Говоря о работе Райхмана, Федотова, Михеева, нельзя не остановиться на тех структурных направлениях, которые обеспечивали функционирование аппарата госбезопасности. В системе НКВД и МГБ была еще одна организация, обычно ассоциирующаяся с самыми темными делами, которые осуществлялись в период, условно можно сказать, сталинской эпохи ВЧК-НКВД. Речь идет о так называемом Особом бюро при наркоме внутренних дел СССР.

Многие отмечают, что в системе НКВД и в органах разведки и контрразведки в начале войны не существовало информационно-аналитических подразделений, поэтому информация агентуры очень часто получала субъективную оценку Сталина и Молотова. Но это не совсем так. Особое бюро при наркоме внутренних дел как раз и было центром информационно-аналитической работы. В его состав входило специальное отделение по систематизации и обобщению информации, направляемой в правительство. Эту большую работу возглавлял заместитель начальника Особого бюро А. Коссой, ставший позднее видным советским экономистом. На завершающем этапе войны и вплоть до конца 1946 года мне пришлось по совместительству возглавлять Особое бюро. Мы занимались подготовкой методических пособий, рассылкой указаний, обобщением информации о работе разведывательных и контрразведывательных органов противника, обобщением опыта чекистской работы. Справочная картотека Особого бюро на государственных деятелей зарубежных стран была важным подспорьем для оперативных отделов разведки и контрразведки. Информационная работа аналитиков велась четко и зачастую материалы Особого бюро по запросу правительства представлялись в более короткие сроки, нежели справки, которые получались из разведывательных и контрразведывательных подразделений НКВД-НКГБ.

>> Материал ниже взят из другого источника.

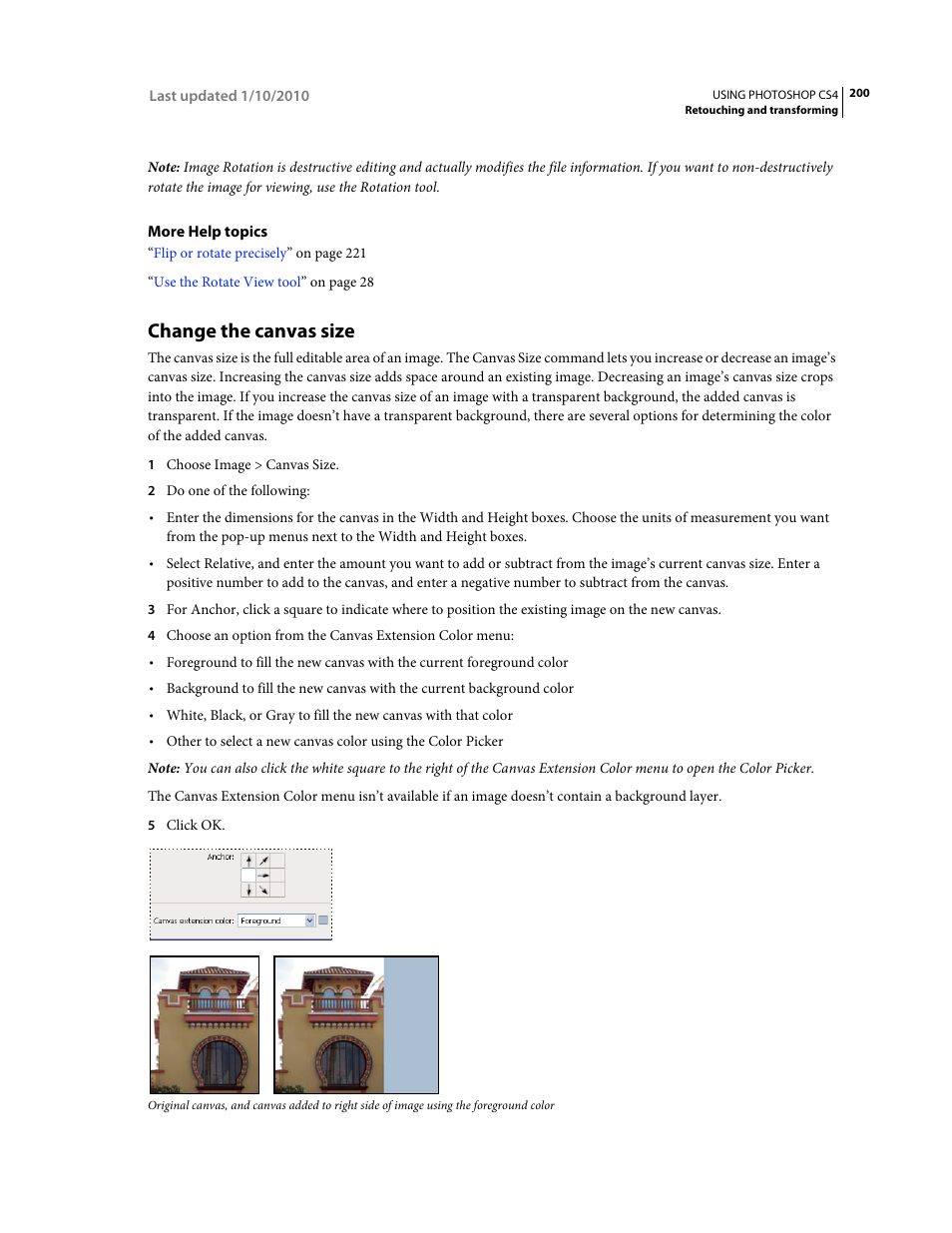 Change the canvas size | Adobe Photoshop CS4 User Manual | Page 207 / 707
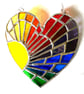 Sun Heart Suncatcher Stained Glass Rainbow Rays Handmade 009 - Image 8
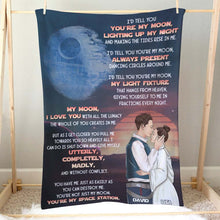 Load image into Gallery viewer, Personalized Space Love Couple Blanket | Custom Valentine&#39;s Day Gifts Blanket PopCulturePrints
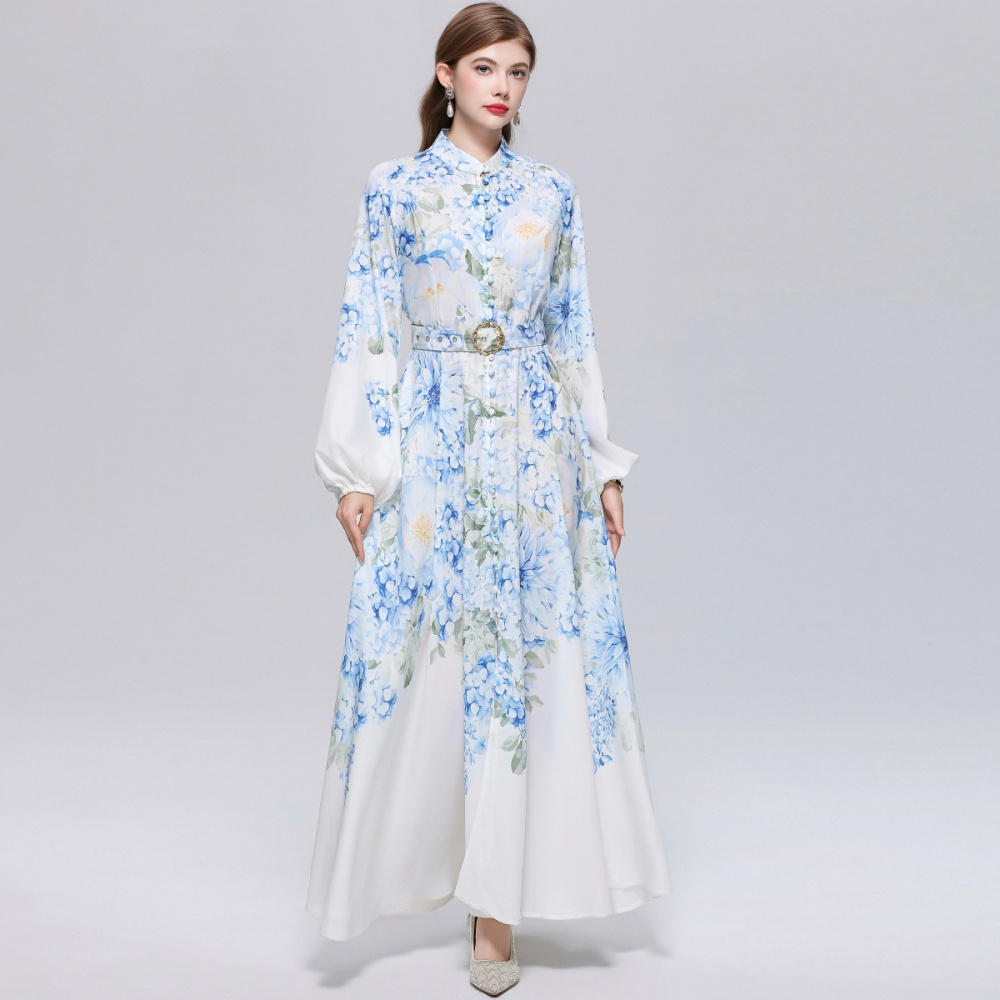 Puff sleeve long dress retro formal dress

Транспортное управление, обеспечивающее контрразведку на транспорте, возглавлял С. Мильштейн, который одно время руководил секретно-политическим управлением НКВД. Это был довольно грамотный человек, необычной работоспособности, имевший опыт работы не только в органах государственной безопасности, но и в сельском хозяйстве и железнодорожном транспорте. Некоторое время он возглавлял сельскохозяйственный отдел ЦК партии Грузии. Мильштейн был одним из немногих, кто во время оперативных совещаний мог позволить себе разговаривать с Берией на «ты». Надо отдать должное аппарату, который возглавлял Мильштейн. Ни одной крупной диверсии не удалось совершить противнику на транспорте в канун и во время войны. Оперативная работа Мильштейна была построена очень эффективно, система функционировала безотказно.